In large part because of my client’s status as an Army wife, the government treated her with fairness, respect, and (compared to other similar cases) a good deal of speed.  ICE agreed to place her under an order of supervision rather than in a detention facility, so she was able to go home and resume her normal life.  (She had to be home for a designated window of time each Sunday for a phone call from an automated ICE system, and she was not able to drive without a license because I forbade her from doing so, fearing an arrest.)  I have not asked her how much cheese she ate during her period of supervision.

We went to court twice.  The first was for a Master Calendar Hearing, and the judge agreed to fast-track the case, assigning us an individual hearing about a month later (whereas others were being assigned almost a year in advance).  At the individual hearing, the government attorney did not argue against my client’s adjustment of status, and the judge granted it.  We were lucky to have a new case on our side (Matter of Sesay) that more-or-less mirrored my client’s situation; it held that, so long as the foreign national who entered in K-1 status married the petitioner (and the marriage was bona fide – real cheese rather than “cheese food,” if you will), she was eligible to adjust status, regardless of whether the marriage was in tact at the time of adjustment.  She is now awaiting her green card, which should arrive in the next week or so. 

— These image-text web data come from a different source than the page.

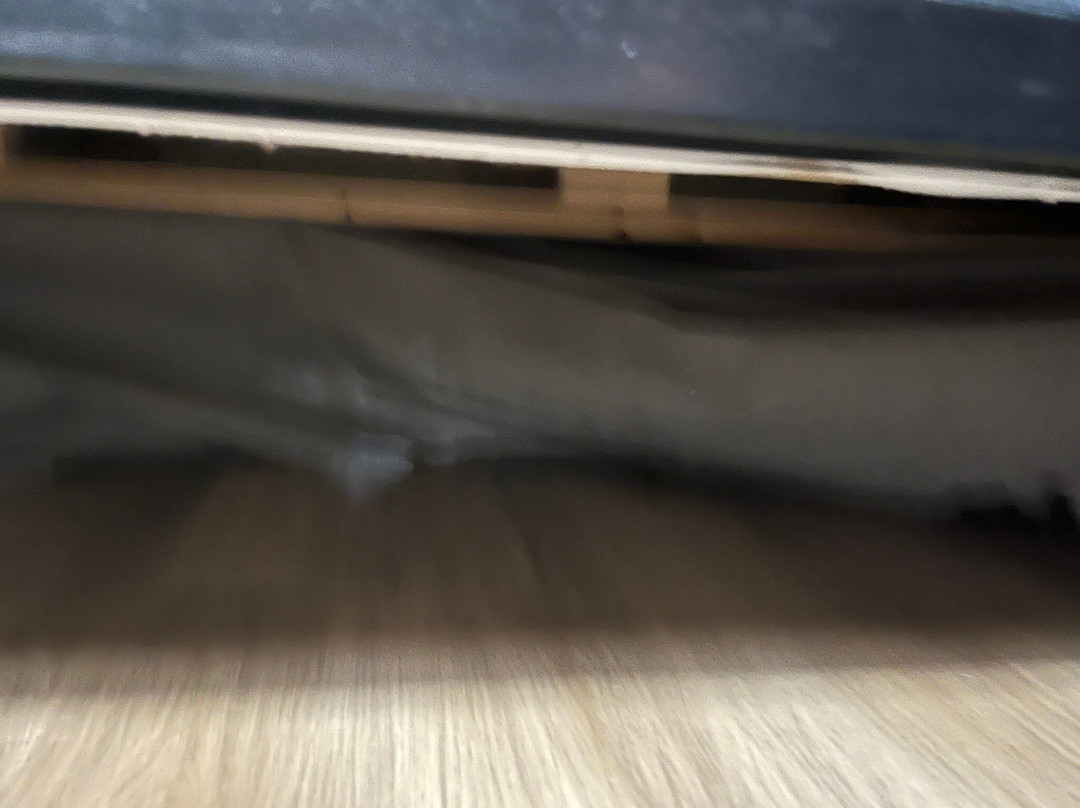 Days Inn by Wyndham St George主图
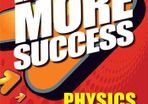 Less Stress More Success Physics LC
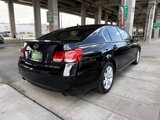Used 2008 Lexus GS 350 AWD image 4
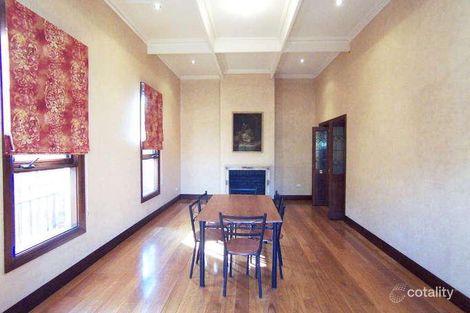 Property photo of 116 Links Avenue Concord NSW 2137
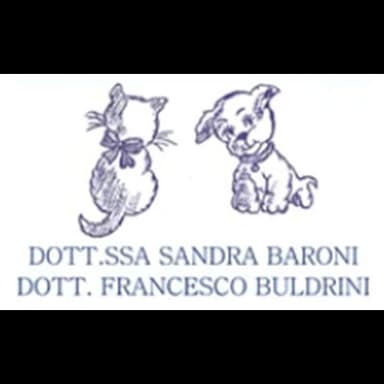 Ambulatorio Veterinario Associato Dr.ssa Baroni e Dr. Buldrini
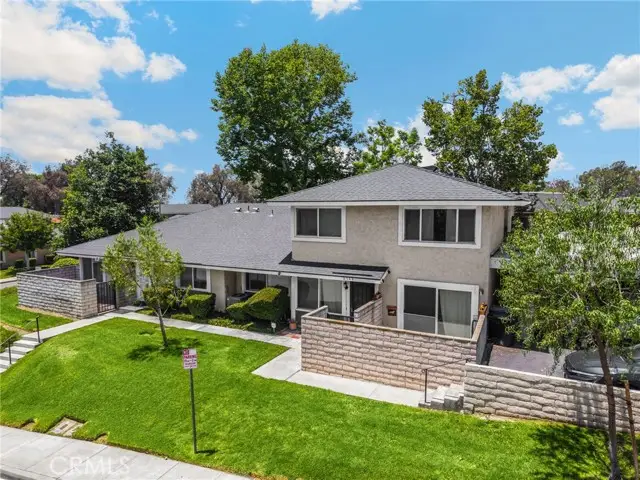 2148 Eveningside, West Covina, CA 91792 - #2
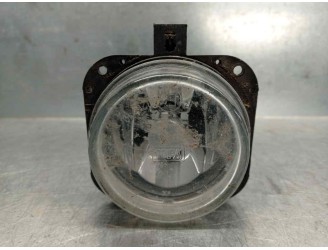 Recambio de faro antiniebla izquierdo para jaguar x-type 2.1 v6 24v cat referencia OEM IAM 1X4315200AA 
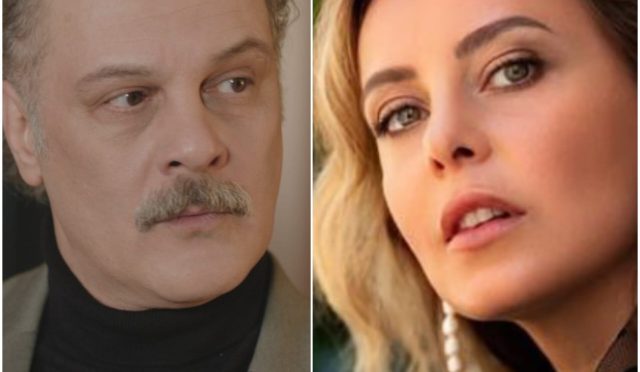 vildan atasever fatih aile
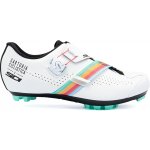 Sidi Coffegrinder white – Sleviste.cz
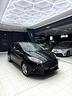 ford-fiesta-1-5-tdci-75cv-3-porte-titanium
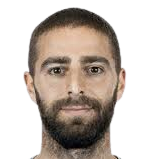 Samet Tarik Güler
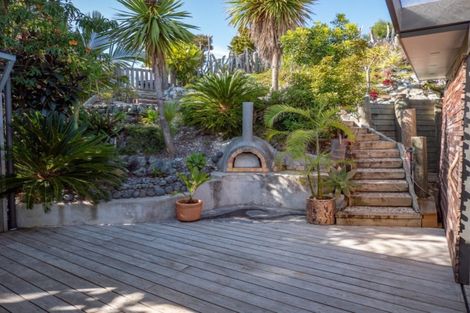 Photo of property in 26 Coachmans Way, Cable Bay, 0420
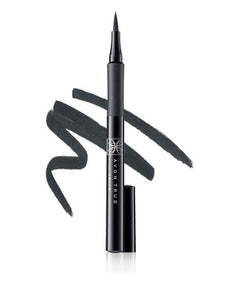 Avon True color liquid Eyeliner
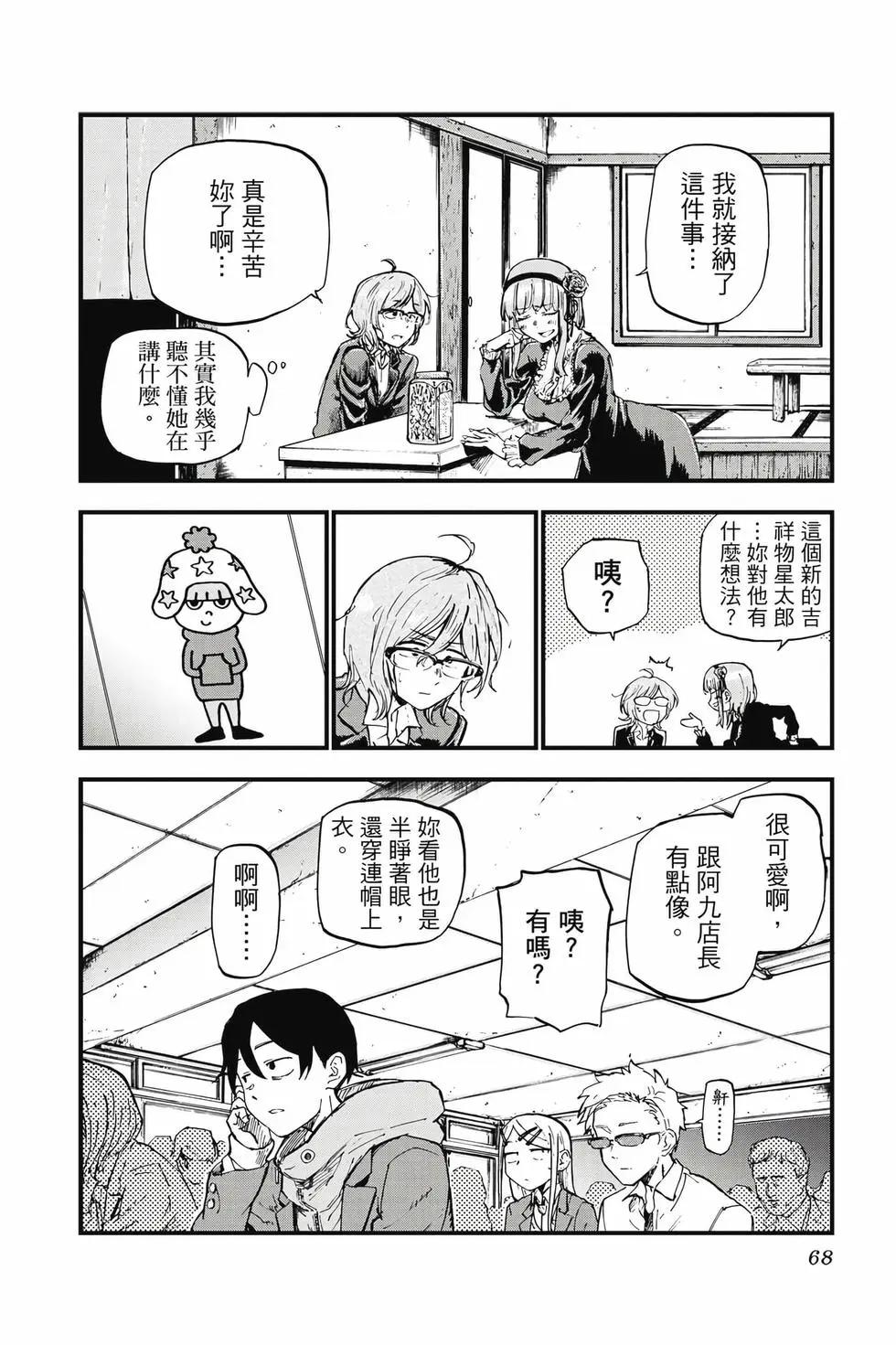 第 69 页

My description of the case may make it sound simple; it wasn’t.  But at all points during the process, our interactions with the government went smoothly and ended well.  And it all happened fast!  We did not have to wait for the government cheese to age, and it turns out that it is best eaten young.

A recent announcement by ICE to exercise discretion in removal cases has about half of the country in uproar.  But it makes sense to focus on the situations in which the foreign national is more deserving of removal (where serious crimes are involved, for instance) instead of spending valuable court and preparation time on Army wives.  There are downsides to the discretion:  it is not likely to occur quickly, and it does not offer much in the way of a resolution/peace of mind for those who are on the favorable side of the discretion.  But it marks a step toward functionality.  And I’ll take that kind of processed “cheese food” over the likely alternative (deport everyone/no cheese at all) any day.